You can easily use tinyMem with LangChain to add persistent, project-scoped memory to your chains and agents.
tinyMem exposes an OpenAI-compatible API, so you can use the standard ChatOpenAI class.
from langchain_openai import ChatOpenAI
from langchain.prompts import ChatPromptTemplate
import os
# Point to tinyMem proxy
# tinyMem handles the actual backend connection (OpenAI, Ollama, etc.)
llm = ChatOpenAI(
base_url="http://localhost:8080/v1",
api_key="dummy", # tinyMem ignores this, but LangChain requires it
model="gpt-4o", # Match the model name configured in .tinyMem/config.toml
temperature=0
)
# Create a simple chain
prompt = ChatPromptTemplate.from_template("Based on our project context, {query}")
chain = prompt | llm
# Invoke - tinyMem will inject memories relevant to "database schema"
response = chain.invoke({"query": "What is the database schema?"})

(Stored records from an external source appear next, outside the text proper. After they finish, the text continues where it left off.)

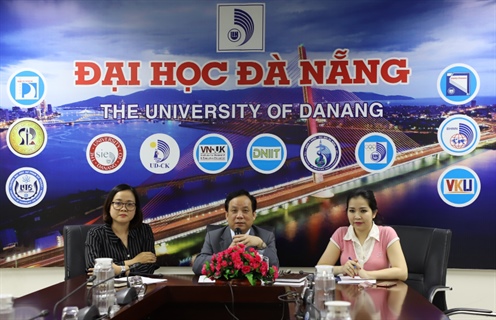 Giám đốc Đại học Đà Nẵng làm việc trực tuyến với Giám đốc AUF khu vực Châu Á-Thái Bình Dương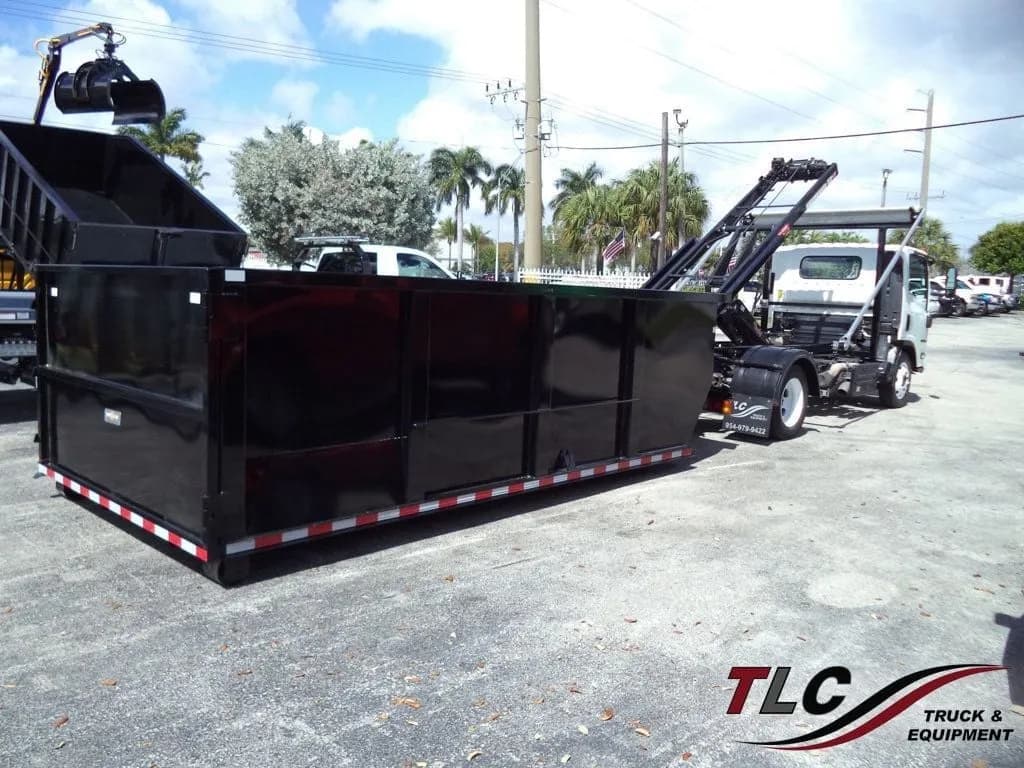 2021 Isuzu NRR w/ 14′ Switch-N-Go Drop - Garbage
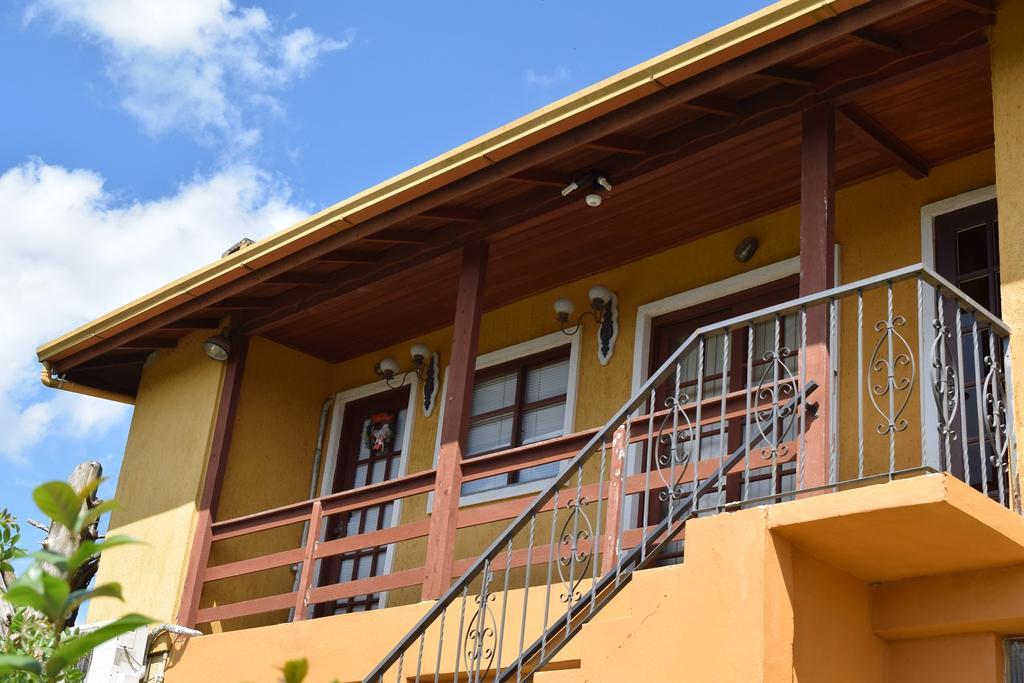 Residencial Dom Celeste Canela Exterior photo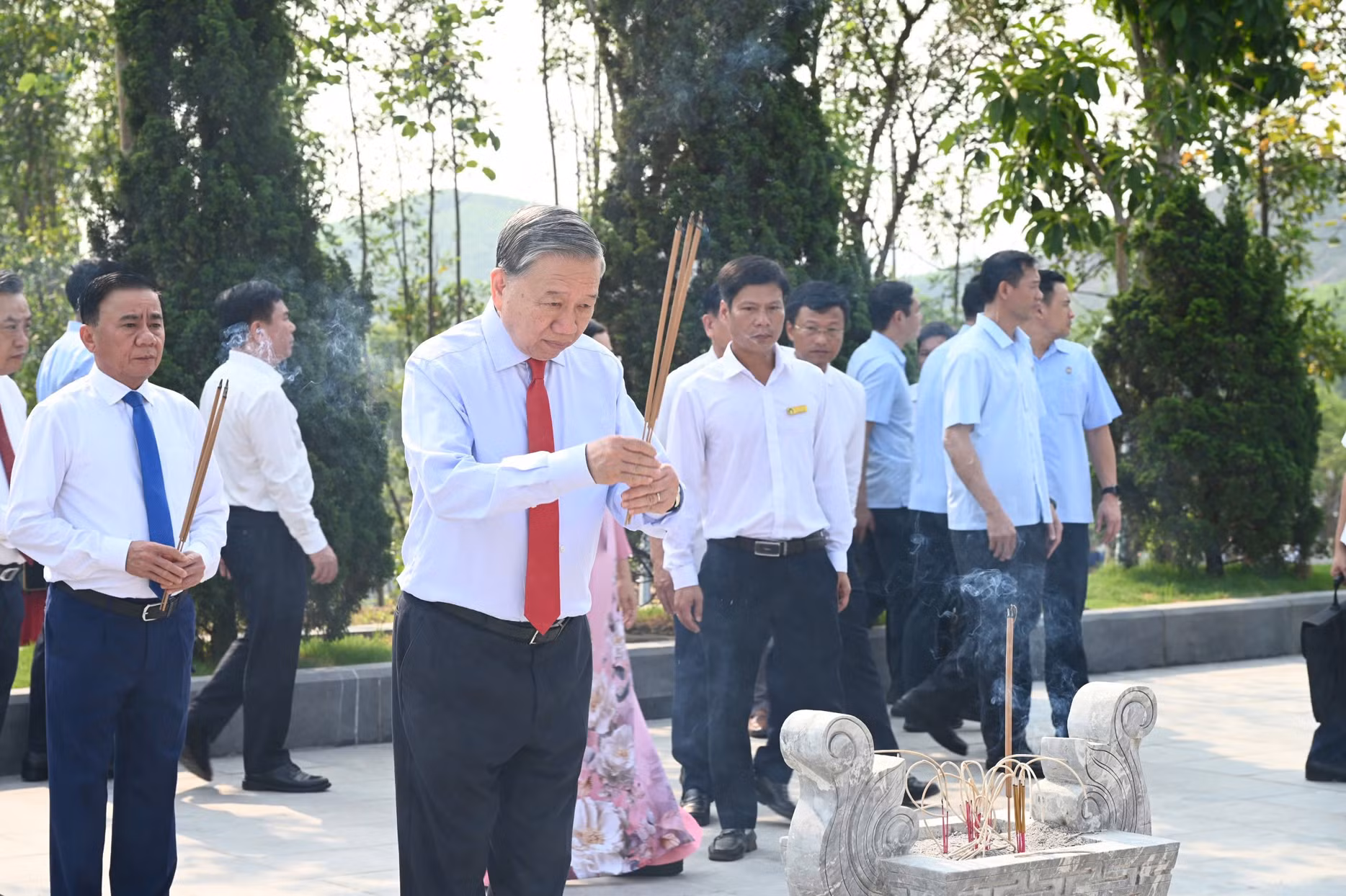 Lãnh đạo Đảng, Nhà nước dâng hương tưởng nhớ Tổng Bí thư Hà Huy Tập -0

print(response.content)LangGraph agents can also benefit from tinyMem's context injection.
from langgraph.prebuilt import create_react_agent
from langchain_core.tools import tool
# Define your tools
@tool
def get_weather(city: str):
"""Get the weather for a city."""
return "Sunny"
tools = [get_weather]
# Initialize LLM via tinyMem
llm = ChatOpenAI(base_url="http://localhost:8080/v1", api_key="dummy")
# Create agent
agent_executor = create_react_agent(llm, tools)
# Run
response = agent_executor.invoke({"messages": [("user", "What should I wear based on the weather?")]})tinyMem returns headers indicating what was recalled. To access these in LangChain, you may need to inspect the raw output or use a custom callback handler, as standard ChatOpenAI abstracts headers away.